### INPUT DATA
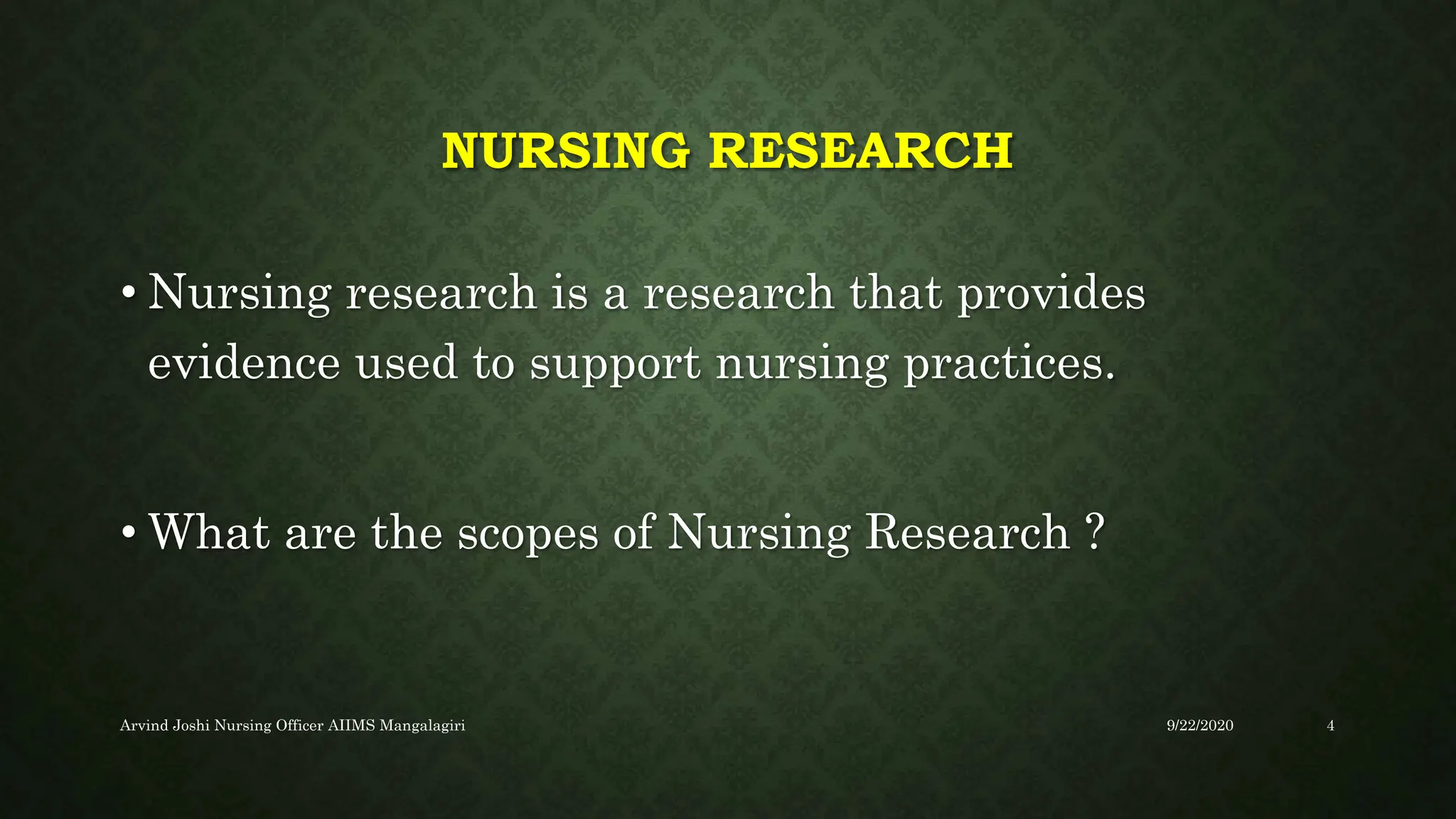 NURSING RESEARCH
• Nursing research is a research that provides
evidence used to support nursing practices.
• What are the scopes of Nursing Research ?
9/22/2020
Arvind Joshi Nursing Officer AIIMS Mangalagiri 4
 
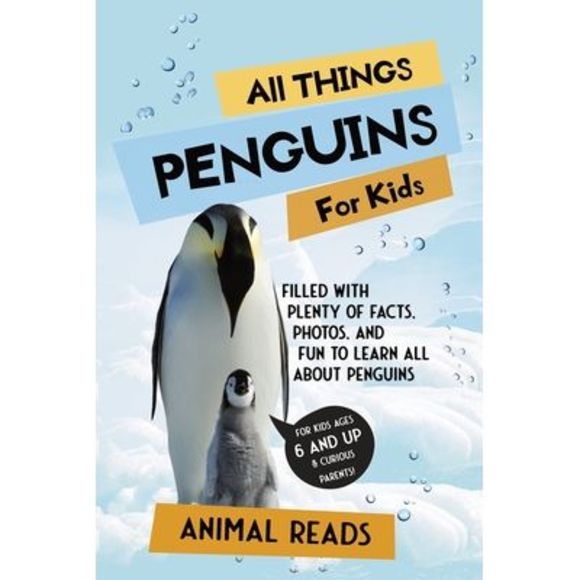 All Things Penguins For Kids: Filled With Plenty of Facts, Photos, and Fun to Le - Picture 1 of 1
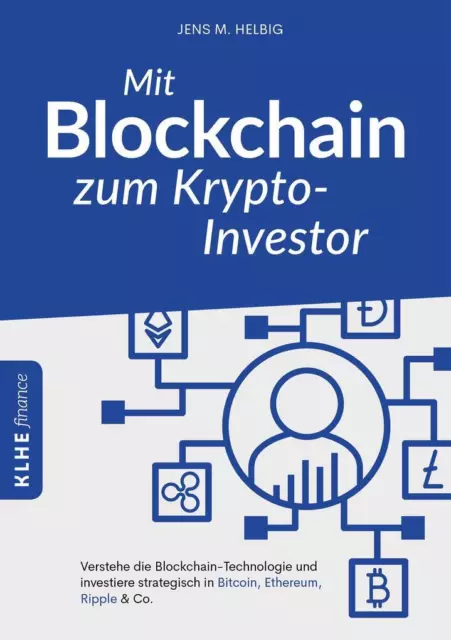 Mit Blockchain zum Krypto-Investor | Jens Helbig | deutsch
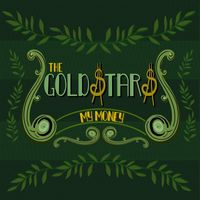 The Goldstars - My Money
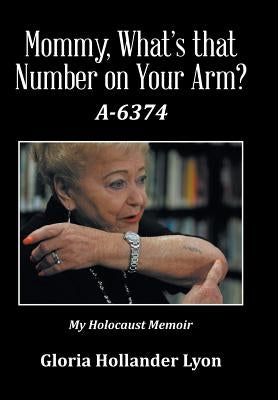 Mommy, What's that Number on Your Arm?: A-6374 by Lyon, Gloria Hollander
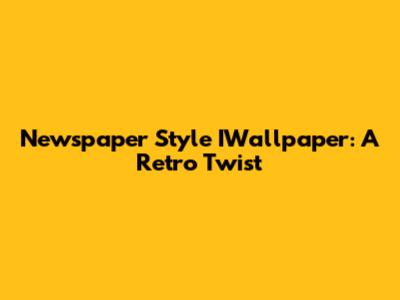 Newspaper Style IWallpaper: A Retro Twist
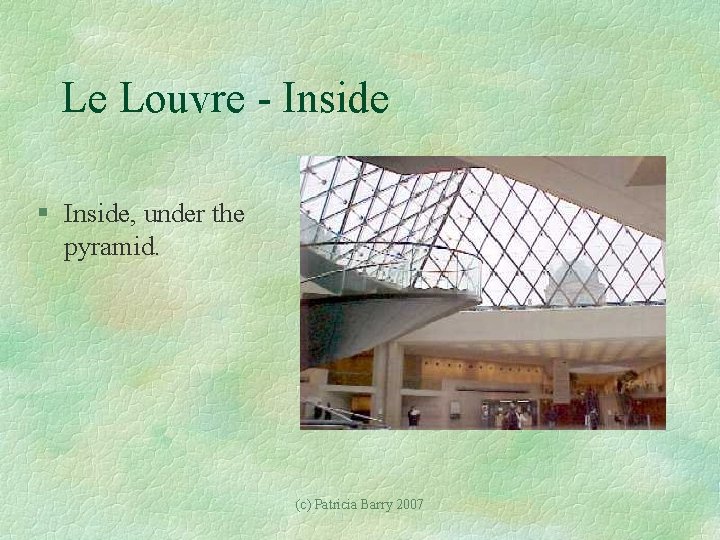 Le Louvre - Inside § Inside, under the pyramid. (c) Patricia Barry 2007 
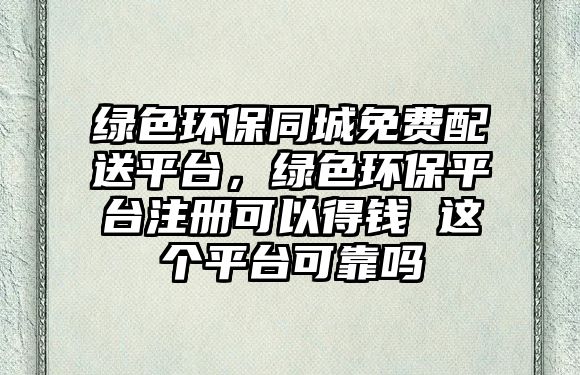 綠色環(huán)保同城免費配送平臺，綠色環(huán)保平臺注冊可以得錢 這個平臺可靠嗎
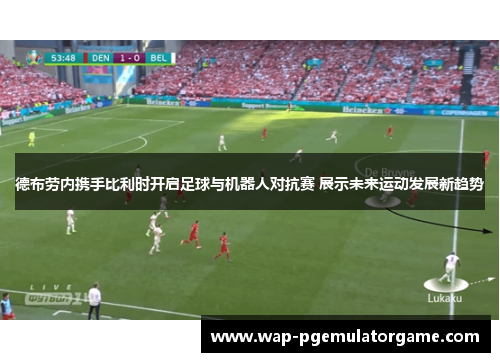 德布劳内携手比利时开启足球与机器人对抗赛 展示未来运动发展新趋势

* * *

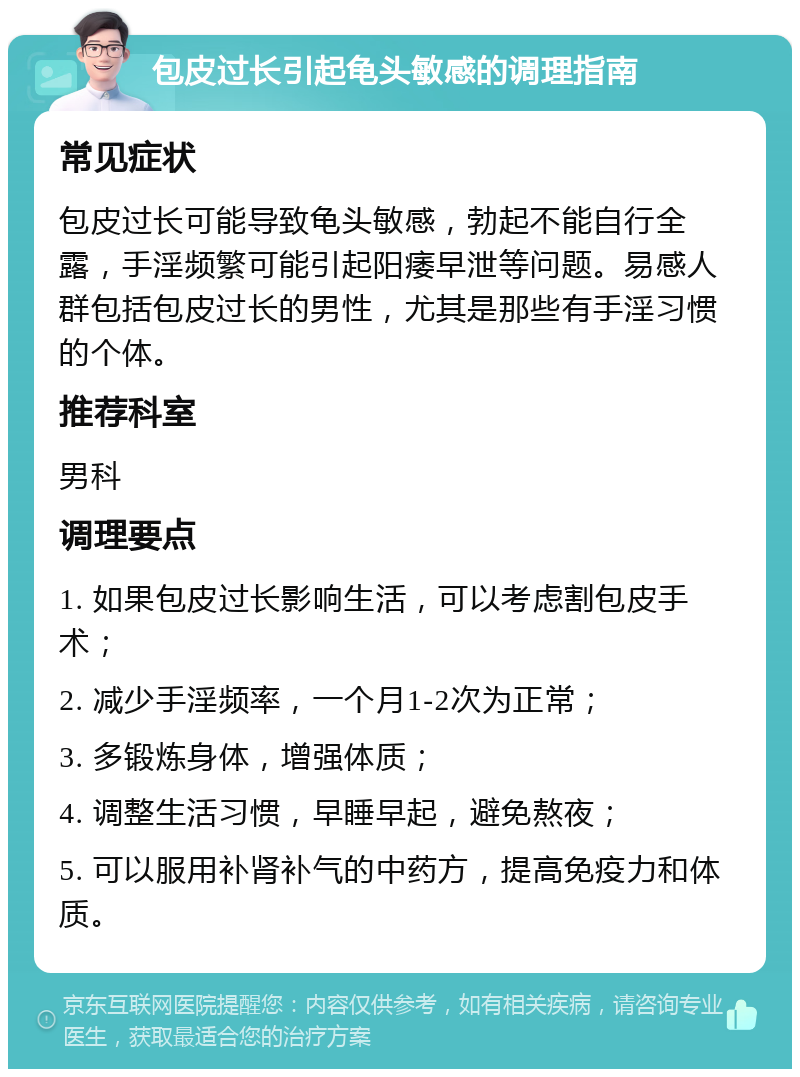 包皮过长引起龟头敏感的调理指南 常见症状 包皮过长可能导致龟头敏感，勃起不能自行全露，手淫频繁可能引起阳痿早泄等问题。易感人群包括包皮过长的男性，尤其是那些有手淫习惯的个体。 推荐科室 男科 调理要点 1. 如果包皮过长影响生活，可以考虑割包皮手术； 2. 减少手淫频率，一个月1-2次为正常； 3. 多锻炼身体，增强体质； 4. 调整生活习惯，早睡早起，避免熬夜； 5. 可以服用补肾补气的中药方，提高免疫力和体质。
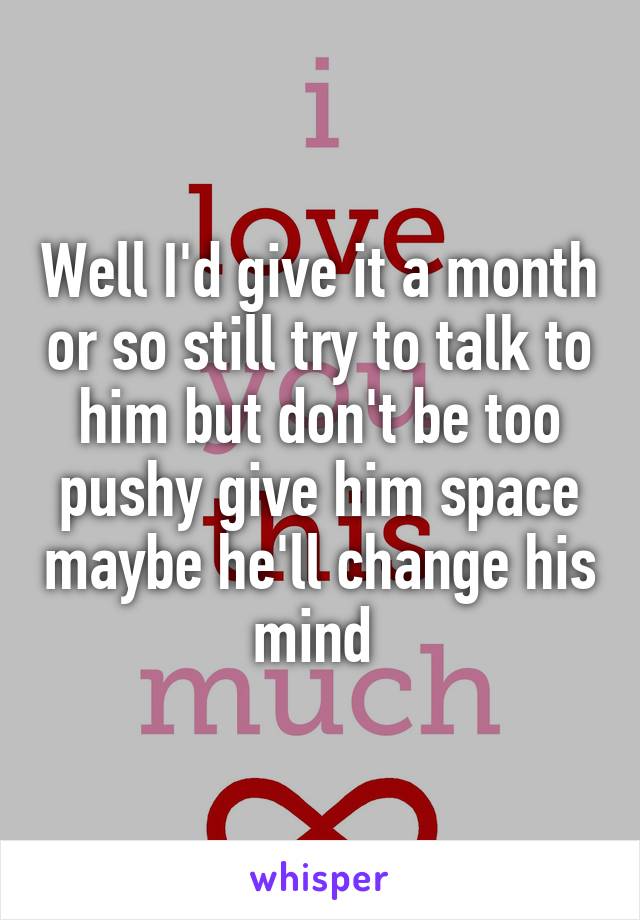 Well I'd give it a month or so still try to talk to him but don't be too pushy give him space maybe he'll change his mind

### ASSIGNMENT
The answer should consist only of the lines above from the one with "调整生活习惯，早睡早起，避免熬夜； 5. 可以服用补肾补气的中药方，提高免疫力和体质。" through the one with "Well I'd give", repeated exactly, with no pictures among them.

### EXERCISE ANSWER
 包皮过长引起龟头敏感的调理指南 常见症状 包皮过长可能导致龟头敏感，勃起不能自行全露，手淫频繁可能引起阳痿早泄等问题。易感人群包括包皮过长的男性，尤其是那些有手淫习惯的个体。 推荐科室 男科 调理要点 1. 如果包皮过长影响生活，可以考虑割包皮手术； 2. 减少手淫频率，一个月1-2次为正常； 3. 多锻炼身体，增强体质； 4. 调整生活习惯，早睡早起，避免熬夜； 5. 可以服用补肾补气的中药方，提高免疫力和体质。
 Well I'd give it a month or so still try to talk to him but don't be too pushy give him space maybe he'll change his mind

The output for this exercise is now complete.